East Lyme surgeon implants 3D-printed ankle joint in pioneering procedure at UConn Health

Aug. 25—FARMINGTON — If not for her orthopedic surgeon's creativity, Lori Cannon might be saddled with the equivalent of a cement boot.

Instead, seven months after undergoing a left ankle replacement using an implant fashioned with a 3D printer, Cannon, a 65-year-old great-grandmother, displayed no more than an almost-imperceptible limp as she walked toward an elevator earlier this week.

She goes up and down stairs, she said, and rarely needs a Tylenol for pain. If her ankle's stiff in the morning, she just stretches it.

To say she's pleased with her current state would be a major understatement.

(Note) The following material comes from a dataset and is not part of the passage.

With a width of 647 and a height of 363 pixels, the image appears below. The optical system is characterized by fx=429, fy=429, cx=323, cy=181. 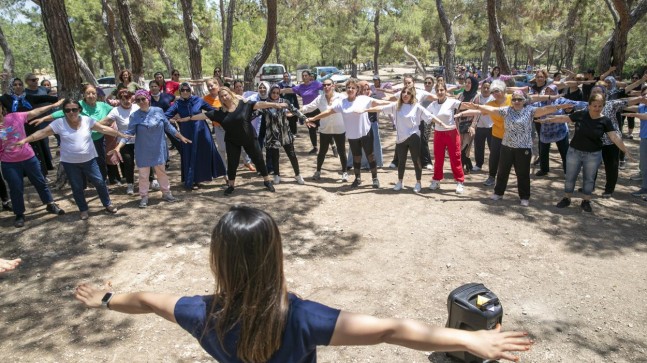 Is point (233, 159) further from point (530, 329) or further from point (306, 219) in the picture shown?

Cannon attributes her mobility to the success of the procedure performed by East Lyme's Dr. Lauren Geaney, a foot and ankle specialist and assistant professor of orthopedic surgery at the UConn Health Center's Musculoskeletal Institute in Farmington. Geaney, a 2000 graduate of East Lyme High School, operated Jan. 10, performing what might have been the first 3D ankle replacement in Connecticut and one of the first in the Northeast.

"She's doing better than I expected," Geaney said of her patient. "It's never going to be normal ― she's not going to start running. But she'll be able to keep up with the grandkids."

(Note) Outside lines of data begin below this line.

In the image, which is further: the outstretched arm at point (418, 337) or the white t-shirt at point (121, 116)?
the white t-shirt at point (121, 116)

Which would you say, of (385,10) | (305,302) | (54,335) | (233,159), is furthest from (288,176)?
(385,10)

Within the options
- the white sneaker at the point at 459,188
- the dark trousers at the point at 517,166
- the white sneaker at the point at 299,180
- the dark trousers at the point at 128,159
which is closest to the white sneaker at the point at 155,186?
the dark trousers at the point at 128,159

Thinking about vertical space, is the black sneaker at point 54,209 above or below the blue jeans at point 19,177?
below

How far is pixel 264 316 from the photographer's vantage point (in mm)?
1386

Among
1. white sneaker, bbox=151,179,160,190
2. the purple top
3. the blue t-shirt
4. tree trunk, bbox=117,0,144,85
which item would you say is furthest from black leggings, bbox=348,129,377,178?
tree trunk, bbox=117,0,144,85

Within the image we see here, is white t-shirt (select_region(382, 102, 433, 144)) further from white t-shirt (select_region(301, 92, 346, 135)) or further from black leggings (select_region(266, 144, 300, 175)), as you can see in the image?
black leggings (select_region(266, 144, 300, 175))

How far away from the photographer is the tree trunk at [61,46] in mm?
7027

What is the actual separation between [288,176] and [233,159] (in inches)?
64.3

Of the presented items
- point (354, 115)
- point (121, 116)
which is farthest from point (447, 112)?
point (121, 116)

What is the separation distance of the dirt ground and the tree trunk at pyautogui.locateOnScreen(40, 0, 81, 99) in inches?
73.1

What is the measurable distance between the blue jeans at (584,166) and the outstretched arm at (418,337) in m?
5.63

To appreciate how far Cannon's come, consider her injury.

On June 17, 2021, she was helping a Durham neighbor paint his garage when she fell from a ladder. Crumpled on the ground, she started screaming when she realized what she first thought was a piece of wood was actually bone sticking out of the inside of her left leg.

"I had never seen bones sticking out before," Cannon, a longtime registered nurse, said. "It was quite shocking."

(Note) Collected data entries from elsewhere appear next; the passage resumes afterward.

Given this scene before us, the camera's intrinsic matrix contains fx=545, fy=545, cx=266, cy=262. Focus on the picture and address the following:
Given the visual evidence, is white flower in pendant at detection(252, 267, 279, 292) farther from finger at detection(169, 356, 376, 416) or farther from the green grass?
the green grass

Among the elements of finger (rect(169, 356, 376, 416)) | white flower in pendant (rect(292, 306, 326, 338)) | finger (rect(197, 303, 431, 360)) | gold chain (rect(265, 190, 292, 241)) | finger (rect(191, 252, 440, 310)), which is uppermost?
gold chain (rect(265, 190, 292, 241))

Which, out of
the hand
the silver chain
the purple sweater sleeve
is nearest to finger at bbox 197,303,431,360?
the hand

When EMTs arrived, they initially mistook for blood the red paint covering Cannon, who recalled thinking the scene must have look like something out of a horror movie. At Yale New Haven Hospital, doctors reset the bones and operated the next day, inserting three stabilizer bars and a plate with 14 screws in it.

By late 2021, Cannon, wracked with pain, could barely walk. She asked a colleague at UConn Health, where she works as a trainer in the IT department, for a recommendation. The colleague got her an appointment with Geaney in January 2022.

Geaney first removed the hardware that had been placed in Cannon's leg, and began treating an infection that was the cause of Geaney's discomfort. X-rays revealed considerable bone loss that would rule out a standard ankle replacement. At the same time, Cannon feared fusion surgery, an option in which the ankle bones would be fused together, likely curtailing the ankle's range of motion.

"That's a great option for pain relief," Geaney said. "But mobility, limiting the loss of motion, was the goal. ... We discussed that I was going to this (orthopedics) conference and I said, 'Let me brainstorm this. If a replacement fails, it could be catastrophic.'"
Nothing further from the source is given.